THE TASK | Look through the records below for the line with "26829 Greenleaf St, Roseville, MI 48066". Return that line and each one after it up to and including the line with "KCC Vietnam Director", exactly.

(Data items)
++++++++

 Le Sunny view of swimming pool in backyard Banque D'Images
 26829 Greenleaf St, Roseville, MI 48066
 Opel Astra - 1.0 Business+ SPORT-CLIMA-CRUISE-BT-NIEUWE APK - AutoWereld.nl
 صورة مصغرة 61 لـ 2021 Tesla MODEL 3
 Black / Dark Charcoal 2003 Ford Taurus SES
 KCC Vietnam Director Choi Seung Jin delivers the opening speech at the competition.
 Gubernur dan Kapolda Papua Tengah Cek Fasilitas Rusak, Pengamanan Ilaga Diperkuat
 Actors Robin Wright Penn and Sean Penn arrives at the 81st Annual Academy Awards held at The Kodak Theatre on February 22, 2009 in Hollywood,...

++++++++

EXERCISE ANSWER |
 26829 Greenleaf St, Roseville, MI 48066
 Opel Astra - 1.0 Business+ SPORT-CLIMA-CRUISE-BT-NIEUWE APK - AutoWereld.nl
 صورة مصغرة 61 لـ 2021 Tesla MODEL 3
 Black / Dark Charcoal 2003 Ford Taurus SES
 KCC Vietnam Director Choi Seung Jin delivers the opening speech at the competition.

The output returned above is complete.